O Brasil é um país de diversidade em todos os sentidos, inclusive na hora de batizar alguém.
E enquanto milhões de pessoas atendem por nomes extremamente comuns, como Maria e José, existe um universo silencioso e quase secreto de indivíduos que carregam nomes tão raros que apenas 20 pessoas em todo o país os possuem.
É como se um nome deixasse de ser só uma identificação e se tornasse uma peça exclusiva, quase uma raridade de coleção. Essa descoberta veio a público após o IBGE divulgar, com base no Censo 2022, uma lista inédita de nomes utilizados por exatamente 20 brasileiros.
Eles são minoria dentro de um conjunto de mais de 130 mil nomes identificados em todo o território nacional. Entre esses nomes que beiram o incomum, ou o extraordinário, estão Agassiz, Oberdania e Juergen.
Por que só aparecem nomes com exatamente 20 pessoas?
A regra tem um motivo: privacidade. O IBGE só divulga nomes que tenham no mínimo 20 registros, garantindo que ninguém seja identificado de forma individual. Ou seja: se um nome tem 19 pessoas no país, ele não aparece na lista; se tem 21, ele também não aparece, porque passa para outra categoria.

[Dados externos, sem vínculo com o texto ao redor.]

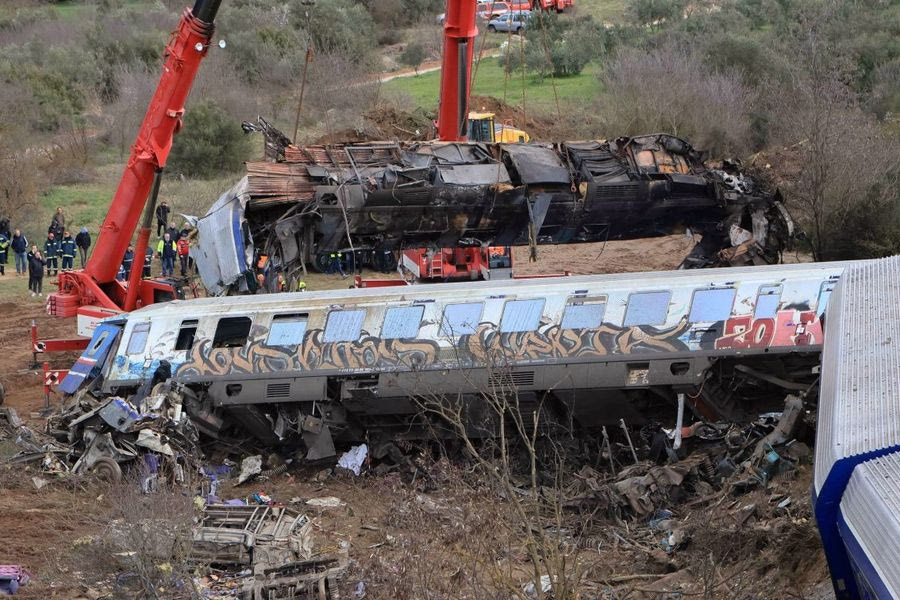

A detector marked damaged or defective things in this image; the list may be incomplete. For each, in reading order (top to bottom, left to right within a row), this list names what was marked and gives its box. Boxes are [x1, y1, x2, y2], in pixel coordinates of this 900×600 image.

burnt wreckage [197, 129, 796, 292]
broken window [125, 324, 150, 356]
broken window [174, 318, 199, 352]
broken window [213, 316, 251, 350]
broken window [268, 314, 310, 346]
broken window [324, 310, 366, 342]
broken window [380, 308, 422, 340]
broken window [440, 300, 482, 338]
broken window [500, 298, 540, 332]
broken window [560, 296, 608, 328]
broken window [624, 292, 668, 326]
broken window [688, 290, 740, 324]
broken window [752, 284, 780, 322] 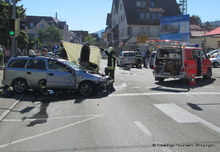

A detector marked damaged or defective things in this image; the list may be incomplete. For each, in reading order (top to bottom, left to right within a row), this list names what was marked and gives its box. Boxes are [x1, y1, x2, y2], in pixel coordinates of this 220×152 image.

damaged silver suv [1, 55, 111, 96] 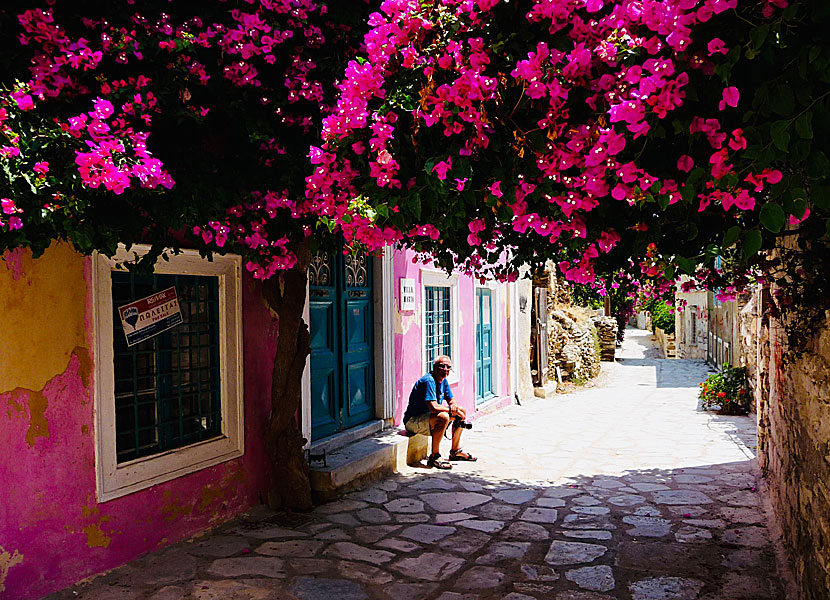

Apenas o grupo dos “exatos 20” se torna acessível ao público, e é justamente ali que está a galeria dos nomes mais raros divulgados oficialmente. No total, 4.309 nomes entram nessa faixa mínima e exclusiva dentro de uma base de 124 mil nomes listados publicamente.
O valor emocional por trás de um nome raro
Para os poucos que carregam um desses nomes raríssimos, existe uma marca de singularidade. Ninguém se perde na chamada da escola. Não há dois homônimos no crachá da empresa. É o tipo de nome que sempre gera conversa: “Como se escreve?”, “De onde vem?” ou “Qual a história por trás?”.
Em alguns casos, são homenagens a ancestrais estrangeiros. Em outros, escolhas que surgiram de criatividade ou de algum momento especial. A essência é a mesma: quem tem um nome raro carrega uma história que não se dilui na multidão.
Quando o nome é de todo mundo
Enquanto alguns nomes cabem em uma lista ultrarrestrita de 20 pessoas, outros estão praticamente em toda esquina do país. Segundo o IBGE, Maria, com mais de 12 milhões de registros, continua soberana e tradicional, seguida por José, com mais de 5 milhões.
Esses dois nomes sozinhos representam uma massa enorme da população. Eles não são só comuns, são históricos. Logo depois, aparecem Ana, João, Antônio e Lucas, mostrando que tendências religiosas e tradicionais continuam moldando a identidade brasileira.
Sobrenomes qu dominam o Brasil
Pela primeira vez, o IBGE também revelou os sobrenomes mais usados pelos brasileiros. E aqui, o domínio é absoluto:
| Sobrenome mais comum | Quantidade de pessoas |
|---|---|
| Silva | 34.030.104 |
| Santos | 21.367.475 |
Eles estão presentes em:
- Documentos
- Times de futebol
- Famílias espalhadas por todo o território nacional
Sobrenomes como Oliveira, Souza, Ferreira, Lima, Alves, Rodrigues e Costa completam o topo da lista.
Um nome pode reunir tradição, memória e pertencimento. Pode ser repetido por milhões, como Maria, ou guardado por apenas vinte, como Juergen. Mas cada nome carrega uma história, uma raiz e uma identidade.
Não importa se ele ecoa por multidões ou se permanece raro como uma assinatura única: nomes não são apenas letras.